There are several issues which I've found, though, that are of general
concern so I'll post them here. All of this is based upon the
WiktionaryZ tarball you released a couple months back, so sorry if some
of this is no longer applicable:
1. Wikidata uses a single set of tables for storing all multilingual
content: shorttext , translated_content . The problem with this
approach is that it will not scale: small multilingual tables with
limited ("seed data") content will be forced to do lookups on these
gigantic and ever-growing tables, and exporting a single dataset will
bog-down unnecessarily doing lookups (or even worse, full-table scans!)
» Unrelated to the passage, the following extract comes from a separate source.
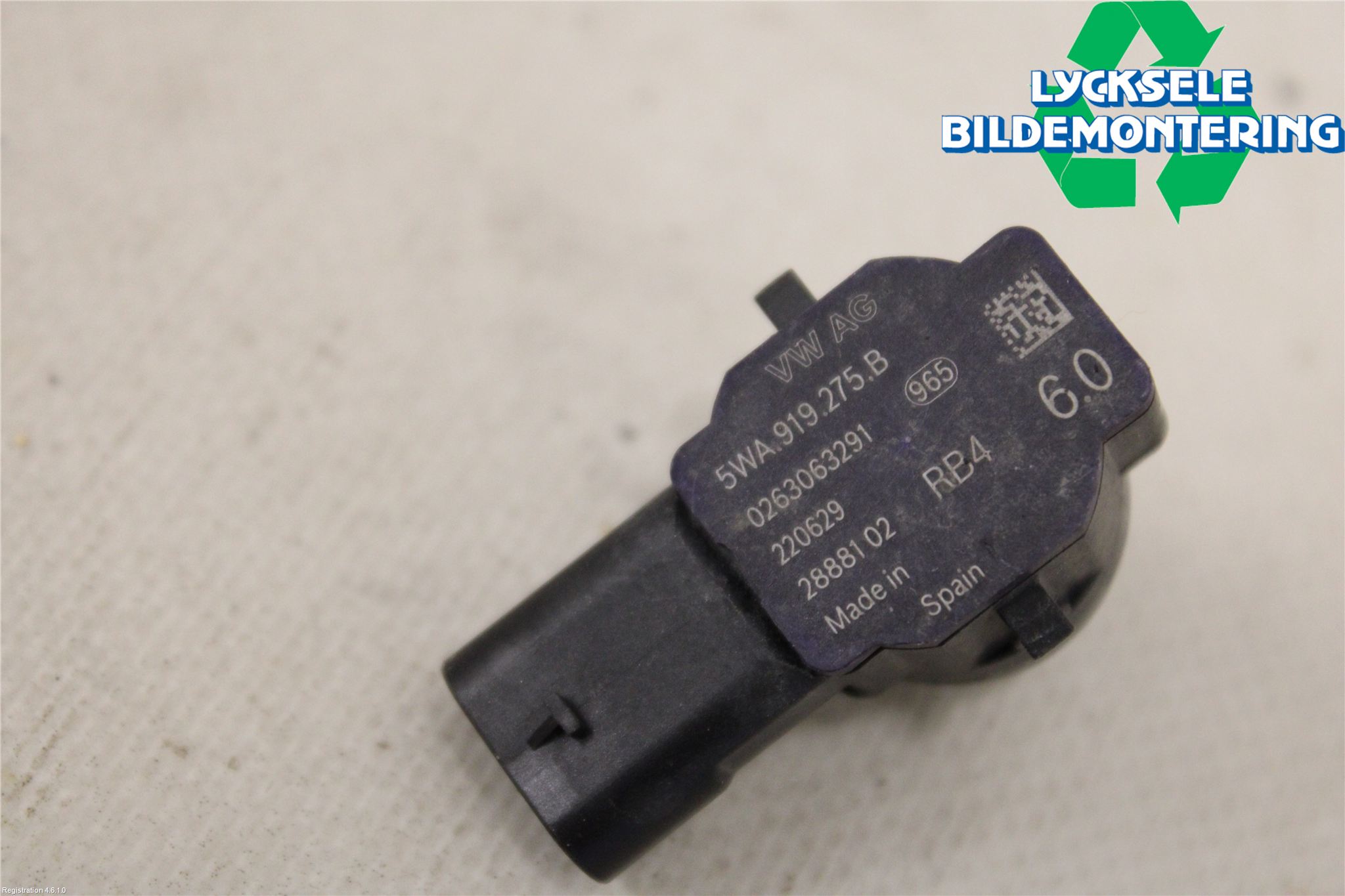 Volkswagen VW ID.3 21- Parkeringshjälp Backsensor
on these generic tables. I have put a page on Meta- [[m:Multilingual
Wikidata]]- which discusses an approach for striping tables with
multilingual content
2. The tables for defining languages and language groups seem to be
shared between multilingual Mediawiki (the software) and WiktionaryZ
(user data). I think this is not only conceptually incorrect, but also
a security hole. See my comments from a while back:
[[m:Talk:Ultimate_Wiktionary_data_design#.22Dog_Food.22]]
Anyway, it would be much appreciated if you could post more Wikidata
designs as you come up with them. Thanks, and keep up the good work.